Today I am go to five hours of marriage prep. Yesterday, nine. Two weeks from today another five.
And that's not counting the 10 hours of one-on-two meetings with the Priest, or the 150 question questionnaire, or the three books of required reading/question answering. Oh, and it's also not the two-on-two meetings (note the plural) with our sponsor couple.
Suffice it to say that the Catholic Church isn't making it easy for me to get married.

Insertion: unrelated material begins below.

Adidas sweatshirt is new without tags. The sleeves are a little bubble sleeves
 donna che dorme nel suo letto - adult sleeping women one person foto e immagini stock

But why should they? 50% of marriages end in divorce. Fifty. I can tell you right now which side I'm going to end up on, and a lot of it is because of how much Scott and I have discussed things. We are going in to our marriage eyes wide open. I know his quirks, he knows my shortcomings (and heavens do I have them). I know what he's bad at, he knows where I fail. But we've also been together for a long time.
(54 months this week, but who's counting).
(Happy pseudo anniversary babes).
That's a lot of conversation, a lot of topics randomly coming up in conversation, a lot of living which lead to a lot of discussion.
Anyway, I believe that at it's core, marriage prep isn't even really about making sure the engaged couple is going to live their life according to Catholic tradition (although, yes, we did have to sign paperwork indicating this!), but rather that marriage prep is one way for the Catholic Church to stack the odds, make sure that couples have discussed trivial things (like who is going to take out the trash). While I don't think there will be any major surprises for us, I'm all about double checking. Let's put it all out there, so that when we are up there on that alter, we know what we're signing up for.
Just to be sure.
(But, full disclosure, one of the sponsor couples has been together - from the day they met, fell in love and got married until today - for 26 months. Less than HALF of my relationship with Scott, and if I am randomly assigned to them, so help me goodness gracious, I am going to have a really hard time not giving them some "relationship instruction" of their own).